__Task description__.
Take the entries below and retype them word for word, excluding the images.

[[ Listed entries, beginning ]]

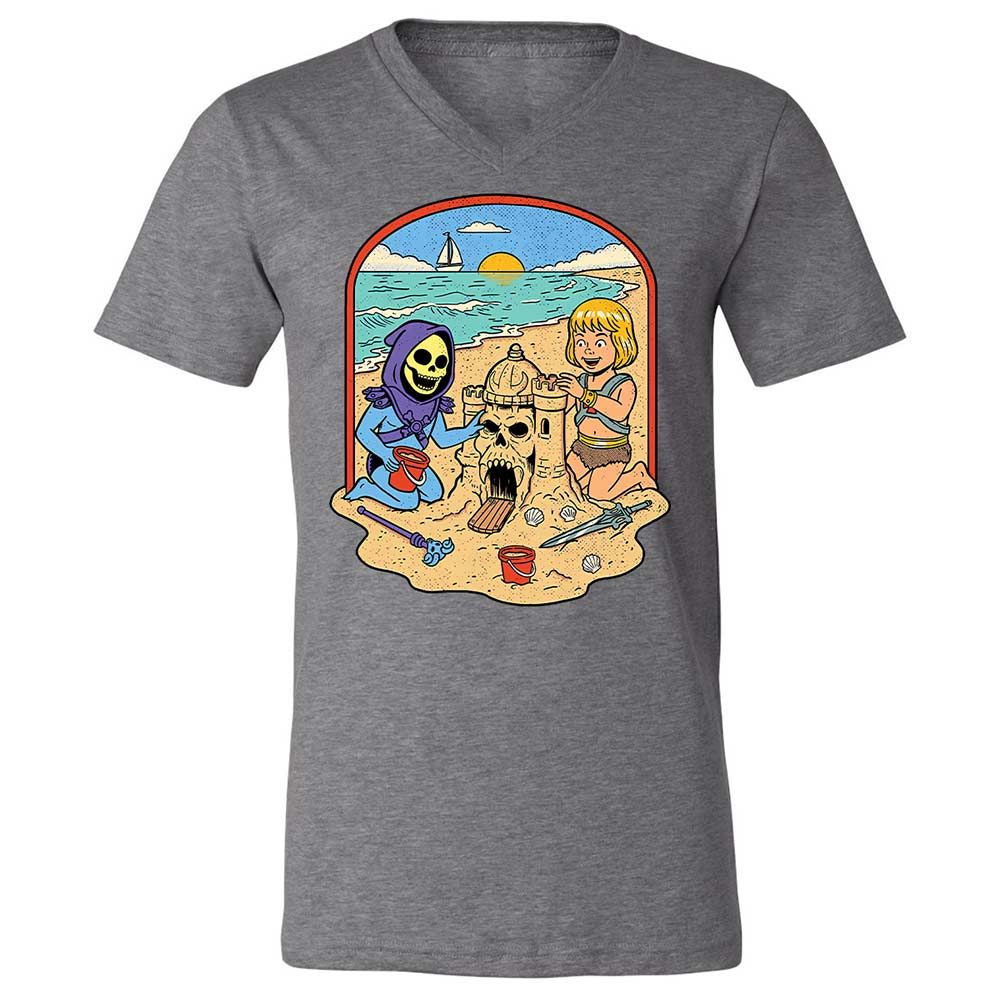 Unisex V-Neck T-Shirt - 4QX3H2ES - Deep Heather - 14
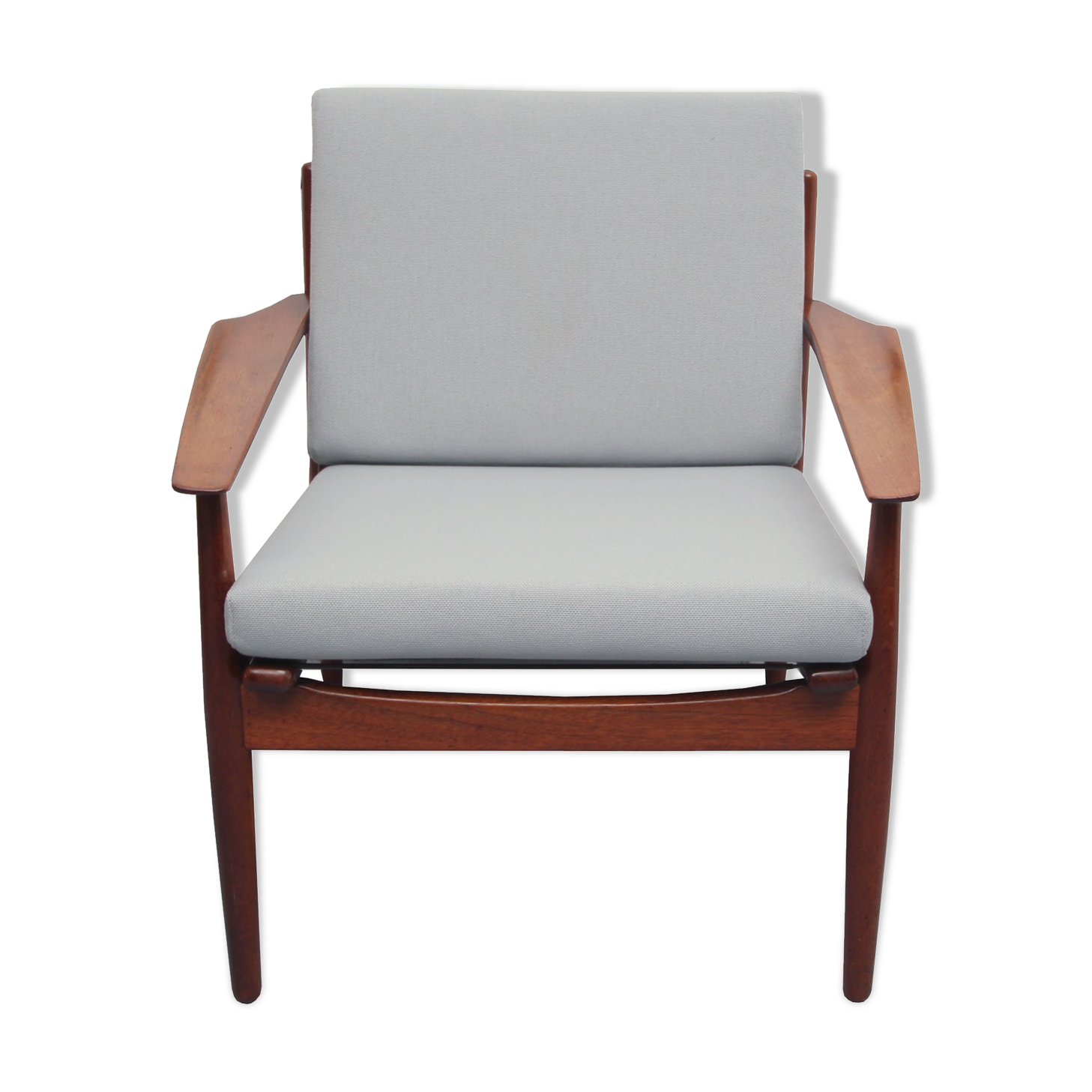 Fauteuil teck des années 1960 en gris, Arne Vodder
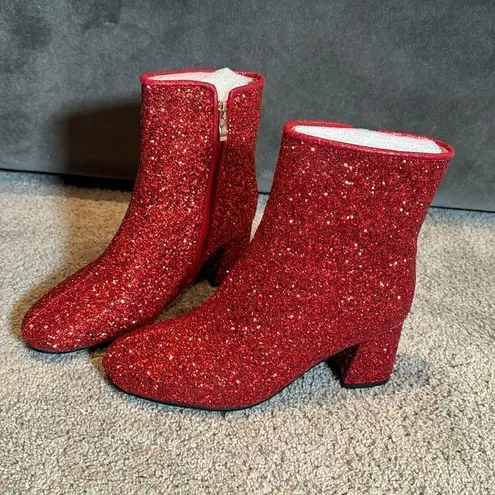 Women’s Red Glitter Covered Sparkly Chunky Heeled Boots Size 7.5 NEW Red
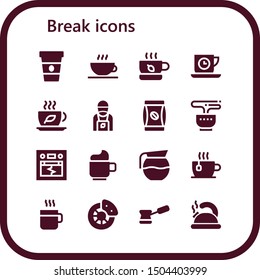 break icon set. 16 filled break icons.  Simple modern icons about  - Coffee, Coffee shop, Tea, Tea time, Barista, Coffee bag, Earthquake, Cup, pot, Break, Teapot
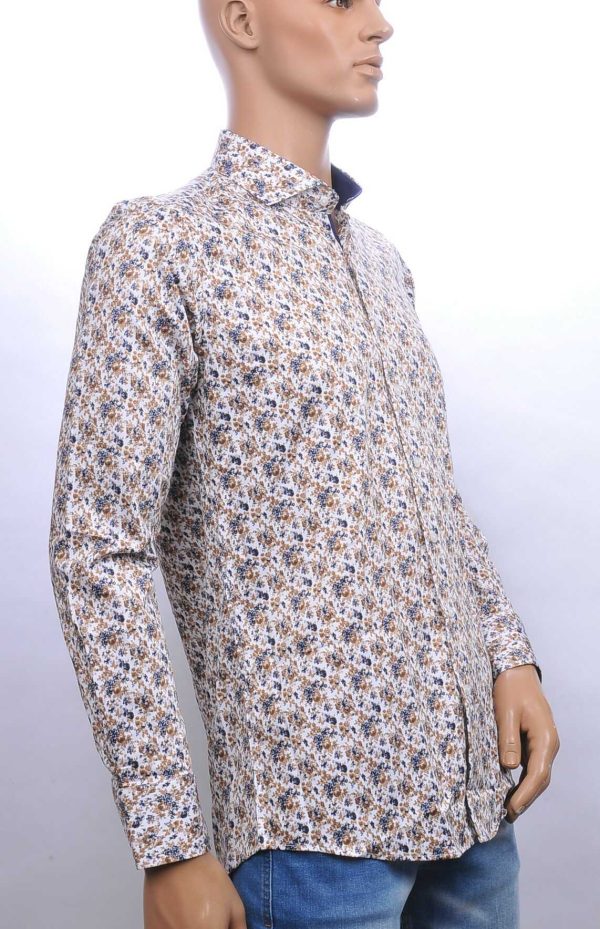 Corrino Italiaanse getailleerd slim fit allover bloemen dessin heren overhemd Bruin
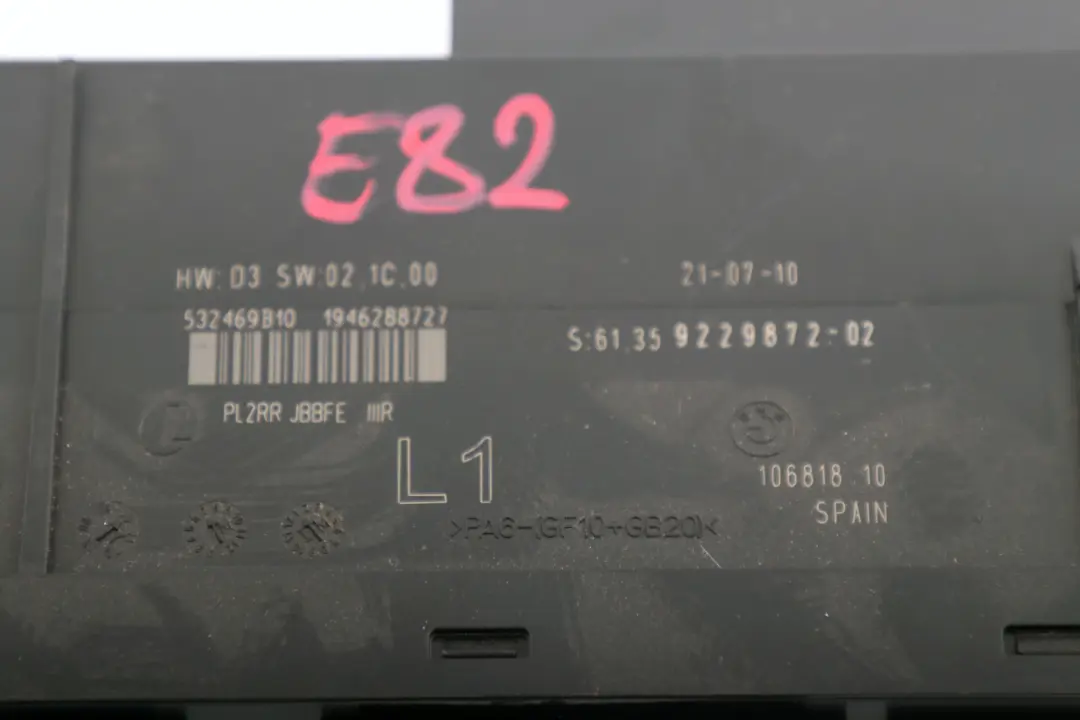 ECU Moduł Komfortu PL2RR JBBFE do BMW E82 o numerze 9229872 BMW E82 ECU Moduł Komfortu PL2RR JBBFE - SKU 9229872 - Numer Części 9229872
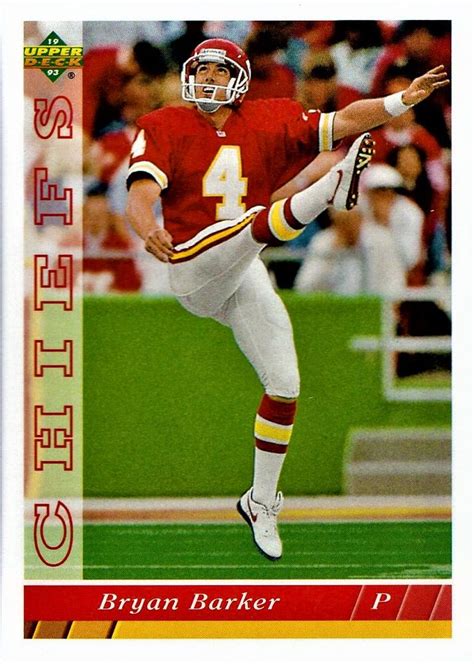 1993 Upper Deck Kansas City Chiefs Kc5 Bryan Barker Trading Card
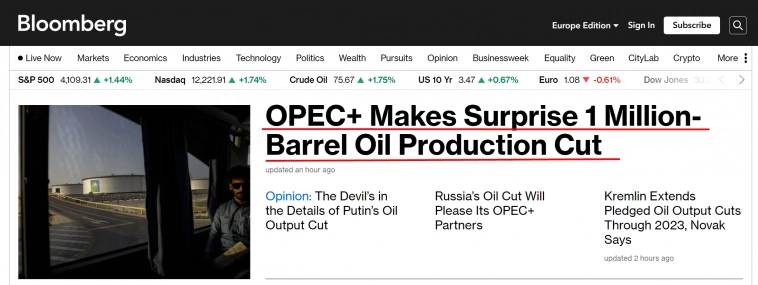 ⚡️ОПЕК неожиданно снизил добычу нефти на 1,65 млн баррелей в сутки
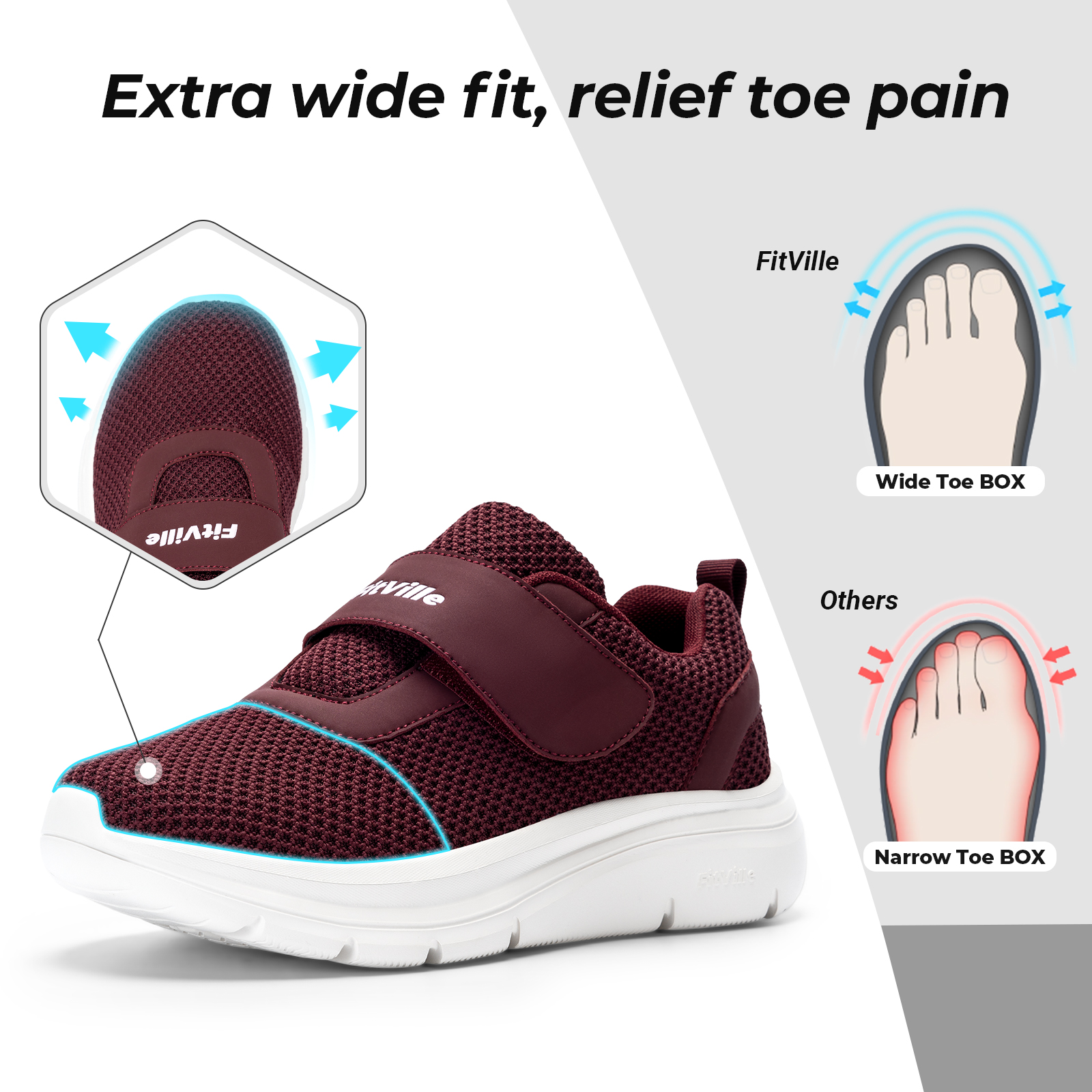FitVille Women's Shoes Wide Di - Sneaker Care บทวิจารณ์และราคา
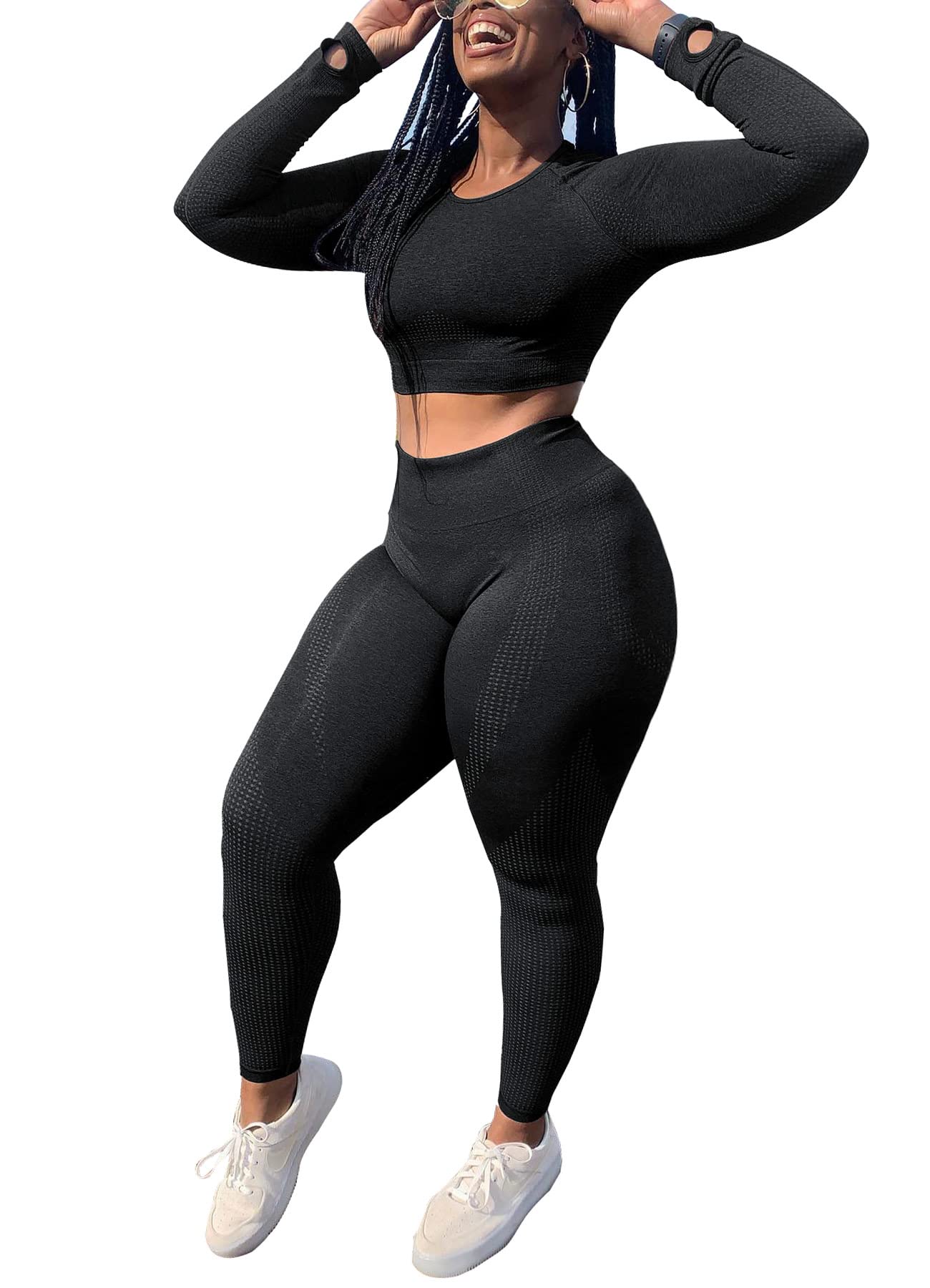 NAKAAH Women's Seamless High Waist Workout Sets - Cute Crop Top & Yoga Pants Two Piece Outfits for Gym, Running, Pilates & Lounge Wear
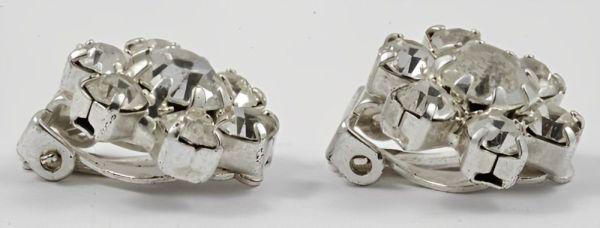 Silver Tone Diamante Round Clip On Earrings circa 1960s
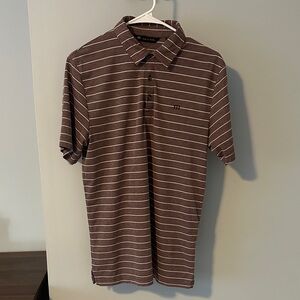 Travis Mathew Maroon Brown and White Striped Polo Shirt Small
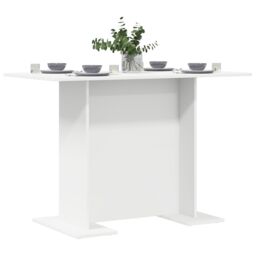 Berkfield Home Dining Table White 110x60x75 cm Engineered Wood - Size: 110 x 60 x 75 cm - thumbnail 3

[[ Listed entries, end ]]

__Answer box__.
 Unisex V-Neck T-Shirt - 4QX3H2ES - Deep Heather - 14
 Fauteuil teck des années 1960 en gris, Arne Vodder
 Women’s Red Glitter Covered Sparkly Chunky Heeled Boots Size 7.5 NEW Red
 break icon set. 16 filled break icons.  Simple modern icons about  - Coffee, Coffee shop, Tea, Tea time, Barista, Coffee bag, Earthquake, Cup, pot, Break, Teapot
 Corrino Italiaanse getailleerd slim fit allover bloemen dessin heren overhemd Bruin
 ECU Moduł Komfortu PL2RR JBBFE do BMW E82 o numerze 9229872 BMW E82 ECU Moduł Komfortu PL2RR JBBFE - SKU 9229872 - Numer Części 9229872
 1993 Upper Deck Kansas City Chiefs Kc5 Bryan Barker Trading Card
 ⚡️ОПЕК неожиданно снизил добычу нефти на 1,65 млн баррелей в сутки
FitVille Women's Shoes Wide Di - Sneaker Care บทวิจารณ์และราคา
 NAKAAH Women's Seamless High Waist Workout Sets - Cute Crop Top & Yoga Pants Two Piece Outfits for Gym, Running, Pilates & Lounge Wear
 Silver Tone Diamante Round Clip On Earrings circa 1960s
 Travis Mathew Maroon Brown and White Striped Polo Shirt Small
 Berkfield Home Dining Table White 110x60x75 cm Engineered Wood - Size: 110 x 60 x 75 cm - thumbnail 3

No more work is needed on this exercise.